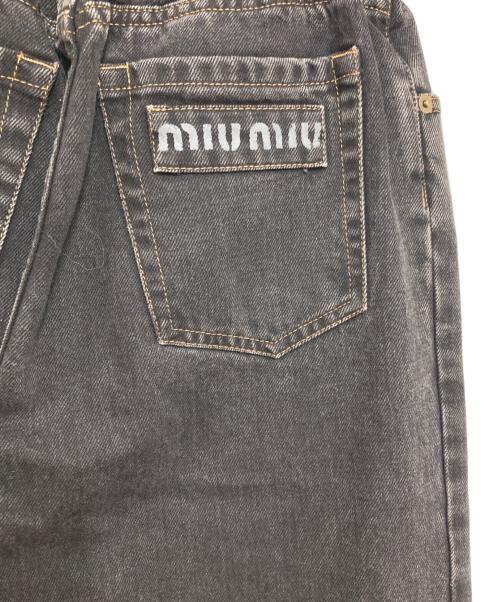MIU MIU（ミュウミュウ）MIU MIU (ミュウミュウ) ウエストギャザーテーパードデニム ブラック サイズ:25の古着・服飾アイテム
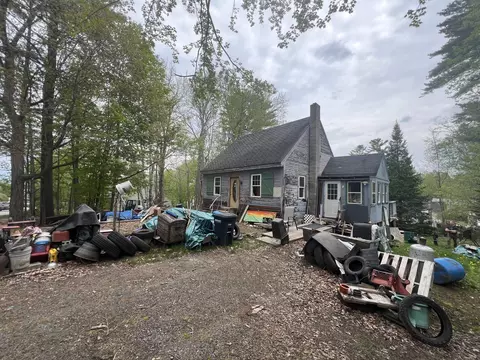 43 Pinewood Ave, Bethlehem, NH 03574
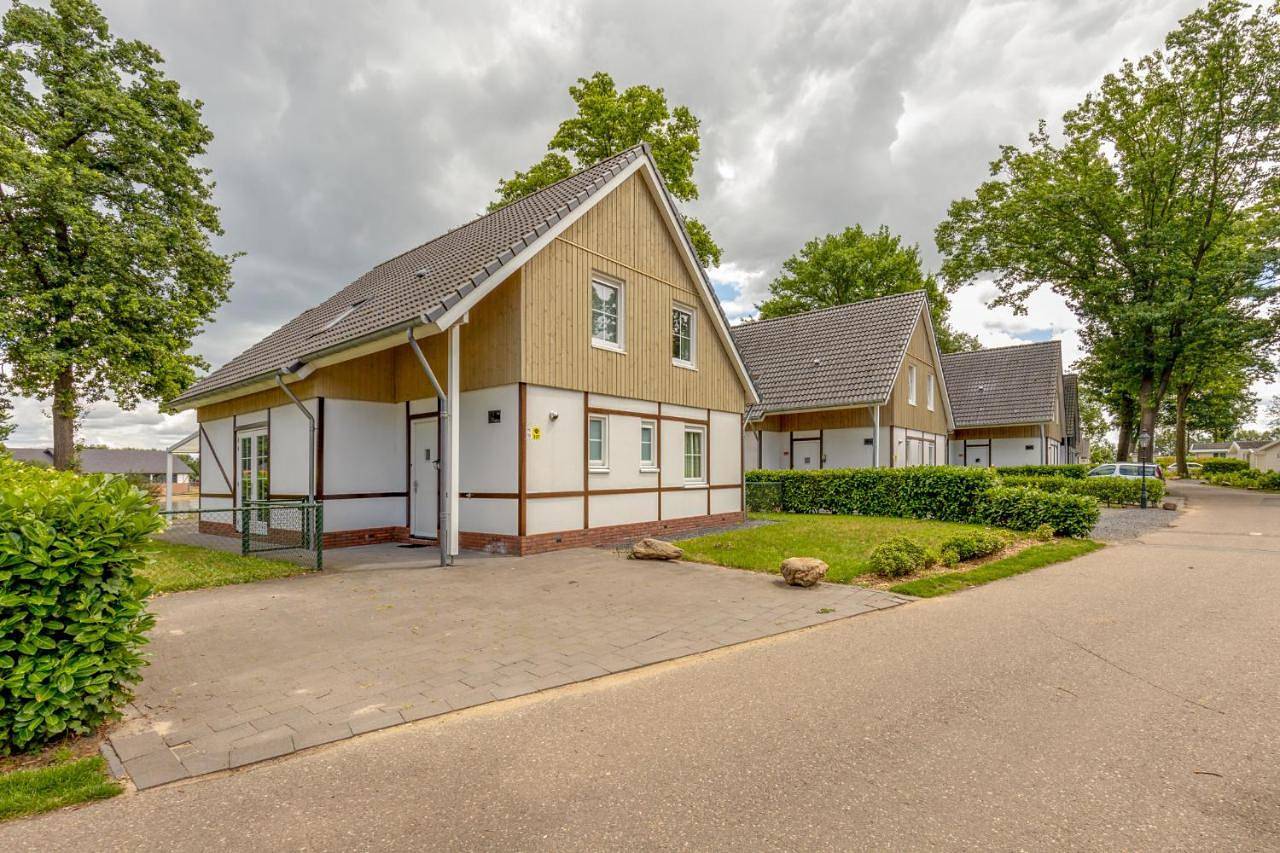 Villa Watergeluk ҉ in Susteren, Limburg (Niederlande)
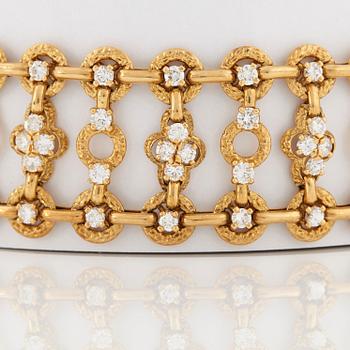 A Van Cleef et Arpels necklace in 18K gold set with round brilliant-cut diamonds, possibly a special order.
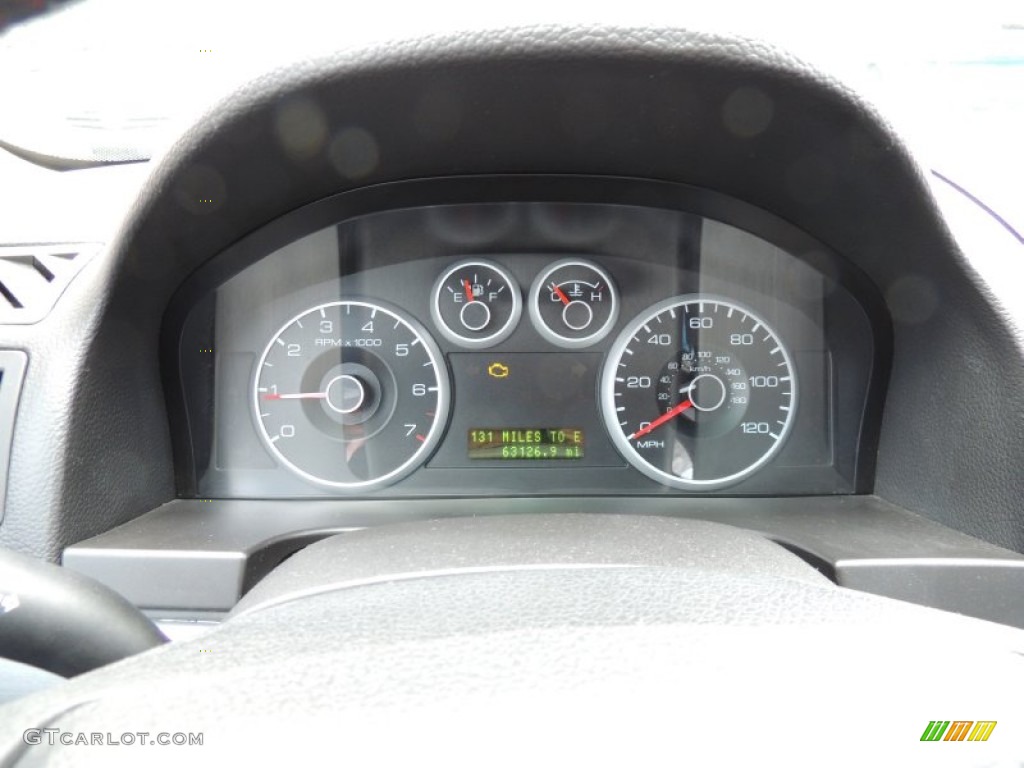 2008 Ford Fusion SE Gauges Photo #76405175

▬▬▬▬▬▬▬▬▬▬

Everything in the entries above, apart from the images, should be printed exactly.

▶ **SOLUTION FOR THIS EXERCISE**
MIU MIU（ミュウミュウ）MIU MIU (ミュウミュウ) ウエストギャザーテーパードデニム ブラック サイズ:25の古着・服飾アイテム
 43 Pinewood Ave, Bethlehem, NH 03574
 Villa Watergeluk ҉ in Susteren, Limburg (Niederlande)
 A Van Cleef et Arpels necklace in 18K gold set with round brilliant-cut diamonds, possibly a special order.
 2008 Ford Fusion SE Gauges Photo #76405175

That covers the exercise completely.